_Prompt:_
Every line of the records below from the line with "2023 Ford Explorer ST-Line" up to and including the line with "Water Damage Restoration" must be reproduced exactly, and no line outside that range.

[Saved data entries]
----

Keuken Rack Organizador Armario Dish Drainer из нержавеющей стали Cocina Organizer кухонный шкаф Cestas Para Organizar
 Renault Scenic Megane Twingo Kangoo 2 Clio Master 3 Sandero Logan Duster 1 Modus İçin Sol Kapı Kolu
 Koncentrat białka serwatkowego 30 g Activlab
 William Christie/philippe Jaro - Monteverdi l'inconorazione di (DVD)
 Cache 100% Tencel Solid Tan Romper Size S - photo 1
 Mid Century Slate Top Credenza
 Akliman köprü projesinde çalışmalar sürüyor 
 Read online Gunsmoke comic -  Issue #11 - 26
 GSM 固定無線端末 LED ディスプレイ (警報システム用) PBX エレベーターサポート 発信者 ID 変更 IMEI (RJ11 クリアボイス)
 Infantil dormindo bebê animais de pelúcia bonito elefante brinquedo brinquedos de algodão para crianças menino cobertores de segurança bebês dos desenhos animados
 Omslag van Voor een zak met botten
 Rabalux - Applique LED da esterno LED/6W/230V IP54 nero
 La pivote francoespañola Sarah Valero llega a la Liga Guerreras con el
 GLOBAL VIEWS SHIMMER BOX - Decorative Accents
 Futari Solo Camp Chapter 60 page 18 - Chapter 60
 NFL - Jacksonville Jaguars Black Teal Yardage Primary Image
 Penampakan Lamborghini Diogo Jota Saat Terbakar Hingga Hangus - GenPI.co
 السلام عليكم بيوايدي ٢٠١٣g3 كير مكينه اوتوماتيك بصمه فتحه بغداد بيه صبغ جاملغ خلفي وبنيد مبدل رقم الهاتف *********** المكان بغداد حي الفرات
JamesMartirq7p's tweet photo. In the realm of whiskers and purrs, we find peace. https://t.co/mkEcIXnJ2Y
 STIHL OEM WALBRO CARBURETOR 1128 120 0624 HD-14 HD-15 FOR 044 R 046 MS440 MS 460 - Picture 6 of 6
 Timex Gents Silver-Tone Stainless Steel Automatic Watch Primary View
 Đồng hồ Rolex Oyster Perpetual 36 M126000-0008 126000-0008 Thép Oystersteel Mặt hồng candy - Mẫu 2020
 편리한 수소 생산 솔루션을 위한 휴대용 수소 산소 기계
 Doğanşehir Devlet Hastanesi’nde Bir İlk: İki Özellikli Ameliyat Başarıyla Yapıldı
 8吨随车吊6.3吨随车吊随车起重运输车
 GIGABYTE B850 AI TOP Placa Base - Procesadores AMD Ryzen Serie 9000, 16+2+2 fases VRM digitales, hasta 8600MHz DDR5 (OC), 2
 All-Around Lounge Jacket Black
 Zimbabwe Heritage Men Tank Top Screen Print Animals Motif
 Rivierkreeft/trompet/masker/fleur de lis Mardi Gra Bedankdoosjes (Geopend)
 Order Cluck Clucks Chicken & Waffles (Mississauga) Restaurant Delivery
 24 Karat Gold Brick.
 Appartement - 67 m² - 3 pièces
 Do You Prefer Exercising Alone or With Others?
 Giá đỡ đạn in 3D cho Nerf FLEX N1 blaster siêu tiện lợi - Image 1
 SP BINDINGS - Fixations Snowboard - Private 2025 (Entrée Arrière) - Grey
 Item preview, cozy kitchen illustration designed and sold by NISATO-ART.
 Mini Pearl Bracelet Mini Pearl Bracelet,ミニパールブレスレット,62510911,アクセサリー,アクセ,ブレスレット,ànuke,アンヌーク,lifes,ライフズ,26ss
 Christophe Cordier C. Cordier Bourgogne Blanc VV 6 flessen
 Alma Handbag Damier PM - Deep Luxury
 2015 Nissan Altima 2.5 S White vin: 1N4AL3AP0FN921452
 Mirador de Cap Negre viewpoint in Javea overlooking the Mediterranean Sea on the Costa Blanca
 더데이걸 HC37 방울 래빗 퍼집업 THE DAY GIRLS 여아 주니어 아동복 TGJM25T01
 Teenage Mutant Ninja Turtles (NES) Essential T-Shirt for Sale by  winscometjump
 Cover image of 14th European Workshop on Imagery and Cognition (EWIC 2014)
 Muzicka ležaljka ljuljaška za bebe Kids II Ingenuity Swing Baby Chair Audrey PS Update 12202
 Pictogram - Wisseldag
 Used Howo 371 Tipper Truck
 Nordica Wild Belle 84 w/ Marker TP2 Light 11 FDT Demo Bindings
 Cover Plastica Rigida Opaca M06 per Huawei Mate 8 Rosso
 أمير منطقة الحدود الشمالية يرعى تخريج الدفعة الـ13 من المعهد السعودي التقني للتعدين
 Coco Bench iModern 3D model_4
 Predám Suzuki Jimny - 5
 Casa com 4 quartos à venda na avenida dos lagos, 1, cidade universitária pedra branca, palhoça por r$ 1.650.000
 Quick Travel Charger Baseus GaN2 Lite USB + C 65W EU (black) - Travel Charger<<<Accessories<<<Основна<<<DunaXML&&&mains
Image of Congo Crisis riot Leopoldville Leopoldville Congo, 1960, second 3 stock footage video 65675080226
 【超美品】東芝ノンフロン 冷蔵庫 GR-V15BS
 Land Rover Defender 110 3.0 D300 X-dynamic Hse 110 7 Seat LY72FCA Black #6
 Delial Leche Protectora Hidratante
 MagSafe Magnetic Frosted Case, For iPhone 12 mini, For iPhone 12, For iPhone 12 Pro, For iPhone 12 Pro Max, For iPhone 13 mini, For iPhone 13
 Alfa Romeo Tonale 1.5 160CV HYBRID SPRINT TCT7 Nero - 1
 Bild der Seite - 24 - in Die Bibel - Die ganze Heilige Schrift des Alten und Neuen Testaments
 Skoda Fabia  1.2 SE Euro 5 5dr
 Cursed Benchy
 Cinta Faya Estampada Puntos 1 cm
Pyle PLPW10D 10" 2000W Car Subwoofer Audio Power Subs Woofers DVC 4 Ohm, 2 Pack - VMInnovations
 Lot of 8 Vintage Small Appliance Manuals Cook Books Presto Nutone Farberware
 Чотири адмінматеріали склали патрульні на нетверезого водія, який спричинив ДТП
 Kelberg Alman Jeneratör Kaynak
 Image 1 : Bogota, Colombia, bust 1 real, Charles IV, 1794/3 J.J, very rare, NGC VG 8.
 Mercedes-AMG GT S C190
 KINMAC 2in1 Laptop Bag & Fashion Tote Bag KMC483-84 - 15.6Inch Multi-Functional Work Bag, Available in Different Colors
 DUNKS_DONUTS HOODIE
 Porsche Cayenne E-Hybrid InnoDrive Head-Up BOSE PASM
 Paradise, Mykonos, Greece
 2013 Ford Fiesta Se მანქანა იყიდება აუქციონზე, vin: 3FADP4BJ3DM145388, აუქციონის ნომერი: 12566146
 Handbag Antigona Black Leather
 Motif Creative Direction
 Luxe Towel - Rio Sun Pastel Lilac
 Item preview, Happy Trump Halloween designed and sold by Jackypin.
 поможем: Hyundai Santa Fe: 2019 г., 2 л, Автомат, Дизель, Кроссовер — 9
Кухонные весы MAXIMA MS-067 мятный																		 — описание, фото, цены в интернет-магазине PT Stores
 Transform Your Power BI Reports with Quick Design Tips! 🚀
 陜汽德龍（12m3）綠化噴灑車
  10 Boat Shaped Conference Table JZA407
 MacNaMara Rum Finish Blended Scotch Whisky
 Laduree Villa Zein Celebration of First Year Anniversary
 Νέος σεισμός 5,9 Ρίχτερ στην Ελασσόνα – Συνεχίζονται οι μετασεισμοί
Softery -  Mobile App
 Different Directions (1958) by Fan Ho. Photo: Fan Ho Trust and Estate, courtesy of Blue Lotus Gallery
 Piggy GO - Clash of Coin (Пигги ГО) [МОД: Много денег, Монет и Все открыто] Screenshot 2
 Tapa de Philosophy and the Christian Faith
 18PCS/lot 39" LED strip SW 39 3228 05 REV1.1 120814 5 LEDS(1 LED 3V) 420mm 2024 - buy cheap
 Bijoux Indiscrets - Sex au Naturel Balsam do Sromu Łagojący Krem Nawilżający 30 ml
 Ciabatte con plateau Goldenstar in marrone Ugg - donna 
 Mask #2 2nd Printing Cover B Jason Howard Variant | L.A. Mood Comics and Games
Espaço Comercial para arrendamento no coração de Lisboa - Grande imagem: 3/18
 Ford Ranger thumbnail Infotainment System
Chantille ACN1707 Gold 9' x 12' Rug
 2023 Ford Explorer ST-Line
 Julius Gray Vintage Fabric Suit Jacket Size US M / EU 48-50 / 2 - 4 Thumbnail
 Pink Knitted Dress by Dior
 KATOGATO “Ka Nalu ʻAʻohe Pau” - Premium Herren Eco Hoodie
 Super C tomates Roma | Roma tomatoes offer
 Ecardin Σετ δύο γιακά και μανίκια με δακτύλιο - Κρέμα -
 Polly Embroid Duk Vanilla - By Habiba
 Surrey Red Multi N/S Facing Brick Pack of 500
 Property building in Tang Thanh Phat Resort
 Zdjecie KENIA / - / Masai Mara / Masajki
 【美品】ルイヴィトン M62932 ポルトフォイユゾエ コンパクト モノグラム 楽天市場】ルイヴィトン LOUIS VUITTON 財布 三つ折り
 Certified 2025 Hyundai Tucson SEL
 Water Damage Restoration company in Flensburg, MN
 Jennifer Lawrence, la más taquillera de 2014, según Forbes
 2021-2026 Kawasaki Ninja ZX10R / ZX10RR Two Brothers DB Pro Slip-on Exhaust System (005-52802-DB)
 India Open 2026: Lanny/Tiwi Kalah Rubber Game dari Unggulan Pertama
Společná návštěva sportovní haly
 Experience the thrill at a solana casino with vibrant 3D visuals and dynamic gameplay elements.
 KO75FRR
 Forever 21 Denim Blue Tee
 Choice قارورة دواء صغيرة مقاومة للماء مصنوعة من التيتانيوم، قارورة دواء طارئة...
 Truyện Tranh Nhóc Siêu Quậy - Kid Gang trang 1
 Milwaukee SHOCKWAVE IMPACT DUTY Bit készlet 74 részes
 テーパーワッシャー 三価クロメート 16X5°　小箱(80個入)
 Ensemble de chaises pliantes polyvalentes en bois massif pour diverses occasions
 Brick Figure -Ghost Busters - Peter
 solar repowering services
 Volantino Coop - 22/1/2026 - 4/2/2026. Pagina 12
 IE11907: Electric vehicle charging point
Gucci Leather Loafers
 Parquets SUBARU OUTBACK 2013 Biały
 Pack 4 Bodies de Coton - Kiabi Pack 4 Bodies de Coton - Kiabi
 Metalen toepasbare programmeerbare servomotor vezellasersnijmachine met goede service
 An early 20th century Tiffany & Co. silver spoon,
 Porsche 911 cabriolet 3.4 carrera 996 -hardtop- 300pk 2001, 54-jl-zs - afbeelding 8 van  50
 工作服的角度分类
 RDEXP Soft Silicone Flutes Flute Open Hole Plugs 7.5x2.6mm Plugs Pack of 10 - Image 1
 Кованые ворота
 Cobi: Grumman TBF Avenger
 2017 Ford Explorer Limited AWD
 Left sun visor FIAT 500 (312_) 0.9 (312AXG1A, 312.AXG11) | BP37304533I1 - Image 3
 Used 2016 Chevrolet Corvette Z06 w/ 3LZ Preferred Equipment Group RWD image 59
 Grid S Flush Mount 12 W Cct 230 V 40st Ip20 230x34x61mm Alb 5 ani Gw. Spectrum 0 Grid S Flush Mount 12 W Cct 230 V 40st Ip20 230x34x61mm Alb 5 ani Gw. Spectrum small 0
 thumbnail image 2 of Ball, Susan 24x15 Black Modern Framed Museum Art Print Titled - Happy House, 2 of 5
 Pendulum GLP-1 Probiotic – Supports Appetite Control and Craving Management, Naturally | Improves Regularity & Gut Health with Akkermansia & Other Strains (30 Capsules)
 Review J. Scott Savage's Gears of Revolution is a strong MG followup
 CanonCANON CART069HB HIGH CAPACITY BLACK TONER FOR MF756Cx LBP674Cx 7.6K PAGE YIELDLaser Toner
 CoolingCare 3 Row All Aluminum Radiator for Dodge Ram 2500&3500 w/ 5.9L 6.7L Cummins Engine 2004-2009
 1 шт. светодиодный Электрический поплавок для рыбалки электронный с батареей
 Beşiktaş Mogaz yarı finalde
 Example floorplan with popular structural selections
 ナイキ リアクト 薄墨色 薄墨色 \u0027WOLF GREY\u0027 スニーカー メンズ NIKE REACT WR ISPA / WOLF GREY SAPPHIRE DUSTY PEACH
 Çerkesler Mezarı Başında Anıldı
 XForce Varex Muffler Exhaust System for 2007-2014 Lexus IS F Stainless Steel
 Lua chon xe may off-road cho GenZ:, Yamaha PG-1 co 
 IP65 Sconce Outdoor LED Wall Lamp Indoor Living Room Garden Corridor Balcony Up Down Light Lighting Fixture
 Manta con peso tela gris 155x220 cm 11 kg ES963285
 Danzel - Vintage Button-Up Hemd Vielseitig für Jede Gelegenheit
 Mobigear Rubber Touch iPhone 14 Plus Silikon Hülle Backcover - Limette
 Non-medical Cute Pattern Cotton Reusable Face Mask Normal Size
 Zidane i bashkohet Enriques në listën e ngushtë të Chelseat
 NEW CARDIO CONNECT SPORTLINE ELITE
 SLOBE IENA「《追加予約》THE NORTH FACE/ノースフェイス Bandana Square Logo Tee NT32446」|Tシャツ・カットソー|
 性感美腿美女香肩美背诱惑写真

----

_Result:_
 2023 Ford Explorer ST-Line
 Julius Gray Vintage Fabric Suit Jacket Size US M / EU 48-50 / 2 - 4 Thumbnail
 Pink Knitted Dress by Dior
 KATOGATO “Ka Nalu ʻAʻohe Pau” - Premium Herren Eco Hoodie
 Super C tomates Roma | Roma tomatoes offer
 Ecardin Σετ δύο γιακά και μανίκια με δακτύλιο - Κρέμα -
 Polly Embroid Duk Vanilla - By Habiba
 Surrey Red Multi N/S Facing Brick Pack of 500
 Property building in Tang Thanh Phat Resort
 Zdjecie KENIA / - / Masai Mara / Masajki
 【美品】ルイヴィトン M62932 ポルトフォイユゾエ コンパクト モノグラム 楽天市場】ルイヴィトン LOUIS VUITTON 財布 三つ折り
 Certified 2025 Hyundai Tucson SEL
 Water Damage Restoration company in Flensburg, MN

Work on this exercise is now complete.